Q: Are there any future projects you’re excited about?

A: I am excited about the overall future prospects for our business given our recent investments in plant infrastructure, information systems, and product research and development. West is well positioned to address the global drivers of the injectable drug market based on what we perceive to be th major trends – an aging population in western markets requiring greater treatment of chronic diseases, increased access to healthcare in emerging markets, rising generic volume, new biologic products coming through the approval process, and the need for safe, accurate, easy-to-use self-administration systems.

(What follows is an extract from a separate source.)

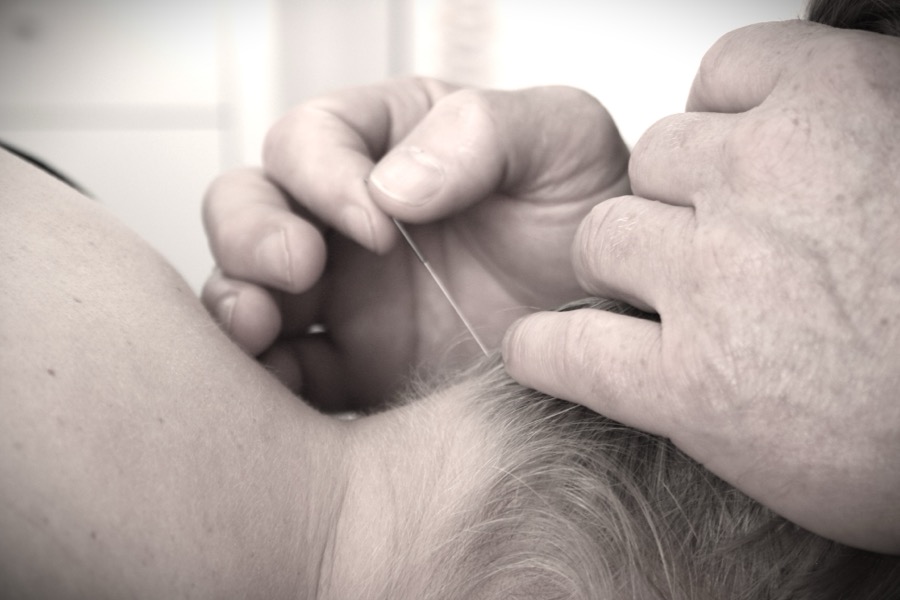 Akupunktur under behandling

In our device business, there are several projects underway that have significant potential. More than 15 years ago, our Daikyo partners developed a unique polymer resin, Crystal Zenith®, for use as an alternative to glass in primary packaging. The material has been used extensively in Japan for contrast media and a range of biologic drugs. We have been developing a 1 mL insert needle syringe based on the Crystal Zenith polymer that eliminates the glue used to set the needle, tungsten particulate, and silicone oil-in-glass syringes while offering superior break resistance. The Crystal Zenith polymer also has great flexibility in that it can be molded into complex shapes for custom containers and can be used throughout the life cycle of a drug from bulk storage to vials to prefilled syringes to custom cartridges. In the biologic and oncology drug markets, it is becoming increasingly evident that advanced plastic systems will find a market.

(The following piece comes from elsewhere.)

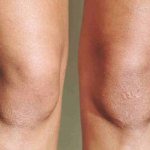 Что делать, если шелушится кожа на коленях?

We have been working on a number of autoinjector concepts in addition to a novel platform based on a patch injector that can be used to administer volumes larger than 1 mL over an extended period of time.

On the packaging side, we recently introduced NovaPure® components developed in accordance with the principles of Quality by Design or QbD. The QbD philosophy results in a product of superior quality attributes by incorporating an analysis of raw materials, process capabilities, design, and manufacturing methods collectively, building quality into the product.

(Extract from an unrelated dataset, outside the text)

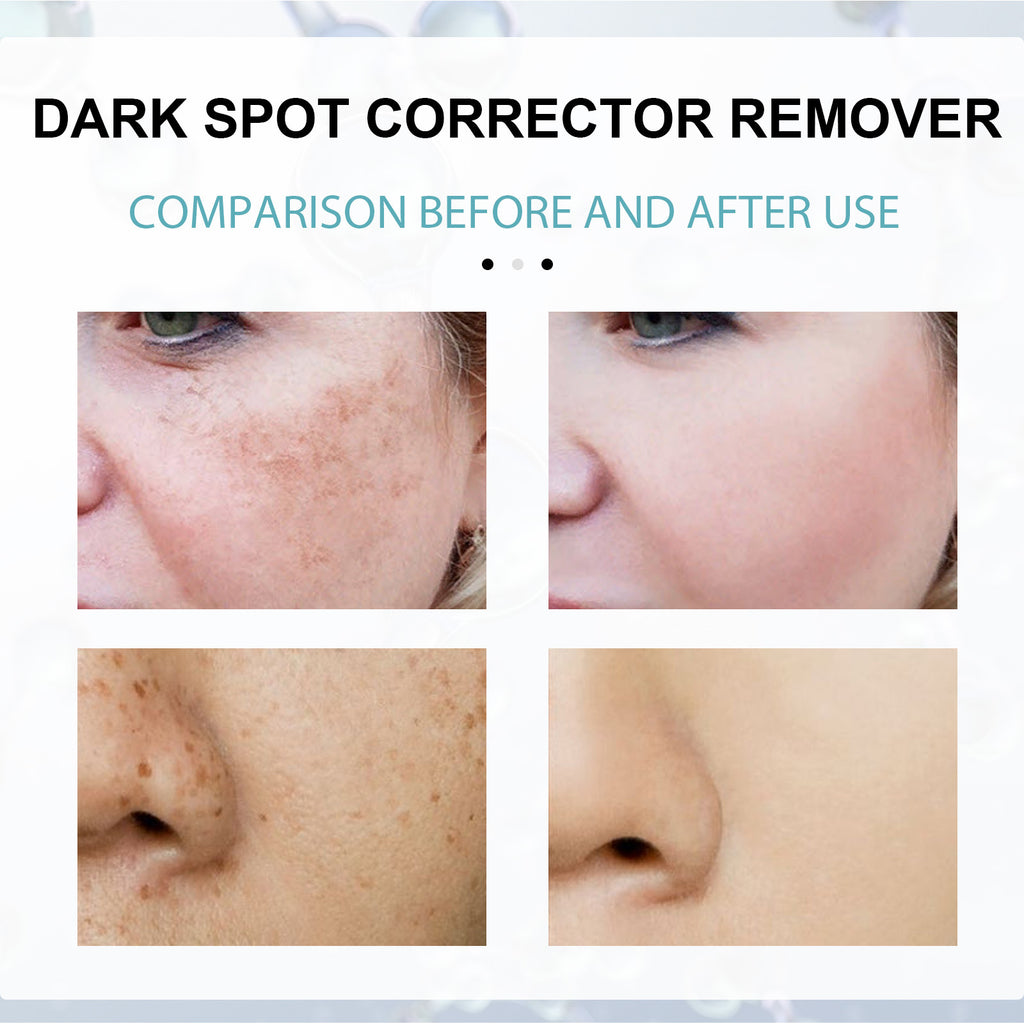 Eelhoe Facial Moisturizing Blackspot Removing Cream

In terms of our manufacturing footprint, we have completed our first elastomer facility in China, which is now operational, and will begin production from our first facility in India in early 2014. Due to volume growth in key product lines, we are also undergoing a major conversion at our Kinston, N.C., facility.

Q: Global healthcare needs and regulations evolve on a day-to-day basis. How has pharma globalization impacted West?

A: In terms of globalization, the primary impact on West is the ever-increasing complexity of the business in terms of supply chain, varying regulatory requirements, and understanding local market nuances. For example, in certain geographic regions, Luer syringes are used almost exclusively whereas in other markets, fixed needle systems are preferred. In China, the market is converting from glass IV systems to flexible bags and blown bottles. There are numerous other examples that add SKUs to the business and the associated costs of managing them. We manufacture over 36 billion pieces annually composed of more than 4,500 SKUs that get consumed in the healthcare markets. Quality expectations increase year by year, not only in terms of cleanliness, but also delivery timing and accuracy. Our people must understand that full, complete adherence to cGMP is nonnegotiable and mandatory; our quality system must be uniform and well understood. For a US-based company, we must also ensure full compliance globally with provisions in the Foreign Corrupt Practices Act.

We are measured by our conduct every day. The senior leadership team constantly communicates the expectations outlined in our corporate Code of Conduct. West plays an incredibly important role in the pharmaceutical supply chain globally. Our mission remains unchanged from H.O. West’s vision – to work side by side with our customers to bring the best possible products to market for the benefit of patients everywhere.

Daikyo Crystal Zenith® is a registered trademark of Daikyo Seiko, Ltd. Daikyo Crystal Zenith® technology is licensed from Daikyo Seiko, Ltd. NovaPure® is a registered trademark of West Pharmaceutical Services, Inc., in the United States and other jurisdictions.